Pensacola Flyers
- Pensacola Flyers logo
- Full name: Pensacola Flyers
- Founded: 1997 (as Tupelo Hound Dogs)
- Dissolved: 1998
- Ground: Pensacola Civic Center Pensacola, Florida
- Capacity: 8,150
- Owner: Dan and Lynn Broadway
- Head Coach: Jimmy Graham
- League: Eastern Indoor Soccer League

= Pensacola Flyers =

The Pensacola Flyers were an American professional indoor soccer team based in Pensacola, Florida. They played their home games in the Pensacola Civic Center. They were members of the Eastern Indoor Soccer League and played only during the 1998 season. During the 1997 season, the team played at the Tupelo Coliseum in Tupelo, Mississippi, as the Tupelo Hound Dogs then relocated to Pensacola during the offseason.

During their existence, the Flyers/Hound Dogs played a total of 52 games, winning 22, including one via shootout, and losing 30, including one via shootout. They scored a total of 675 goals and allowed a total of 732 goals and notched 66 total standings points out of a possible 156 points. (The EISL awarded 3 points for a win, 2 for a shootout win, 1 for a shootout loss, and 0 for a loss in regulation.)

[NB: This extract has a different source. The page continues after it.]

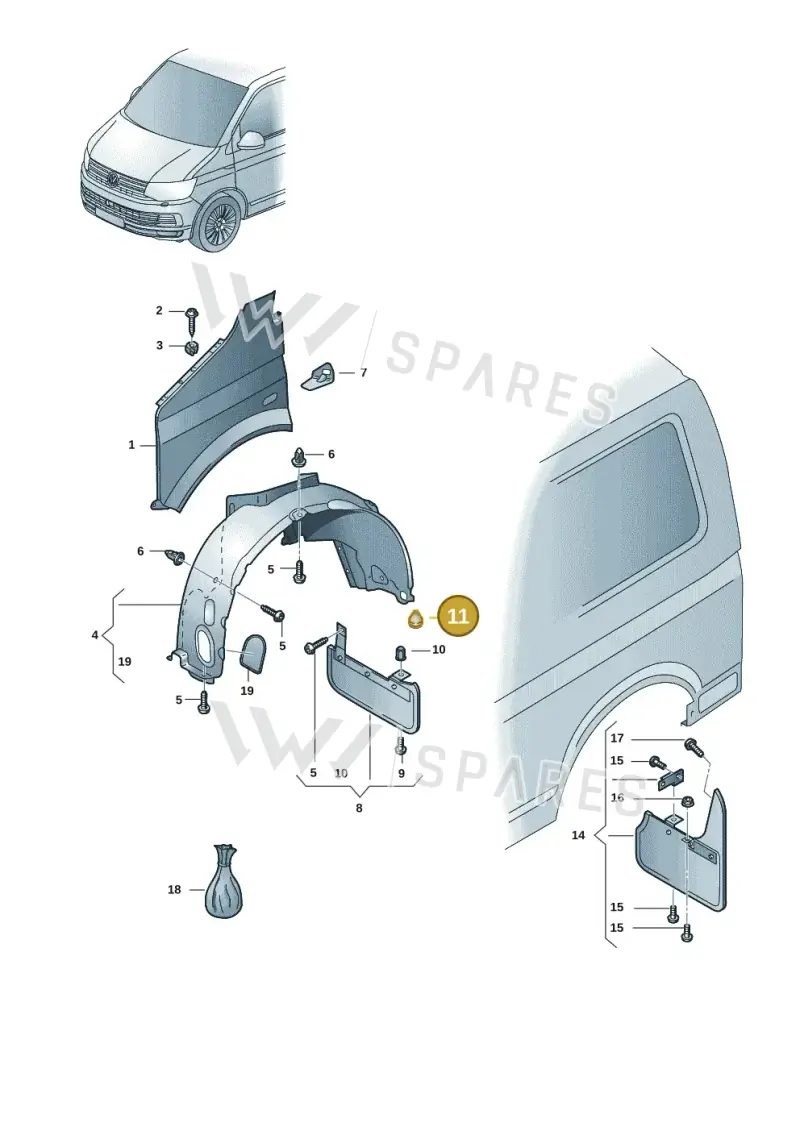 N0200241 — Volkswagen Transport. multivan (2019-2024) diagram 7ep821100, position 11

The team suspended operations after the 1998 season, as did the Huntsville Fire, ultimately leading to the official collapse of the league in December 1998.

==History==
===1997 season===

1997 Tupelo Hound Dogs logo

The Tupelo Hound Dogs finished fifth overall in the seven-team league. Under the direction of head coach Jimmy Graham, they finished with a record of 12 wins (including 1 shootout win) and 12 losses for 35 points. The team was last in the league in attendance with an average of about 1,000 fans per game.

===1998 season===
The Pensacola Flyers finished sixth overall in the seven-team league, ahead of only the Savannah Rug Ratz. They finished the season with a record of 10 wins and 18 losses (including 1 shootout loss) for 31 points. The Flyers averaged 2,164 fans per game, fifth-best in the EISL where the average league game saw 2,733 fans in attendance.

Oleg Baleev was named EISL Rookie of the Year for the 1998 season. Pensacola Flyers forward Brad Snyder was named to the 1998 EISL All-League Third Team. Players receiving All-League Honorable Mentions included midfielders Oleg Baleev and Diego Maradona.

==Former players==
- Midfielder John Molet joined the Denver Dynamite of the Professional Arena Soccer League in October 2008.
- Oleg Baleyev is the head coach of the Jones County Junior College soccer team in Ellisville, Mississippi.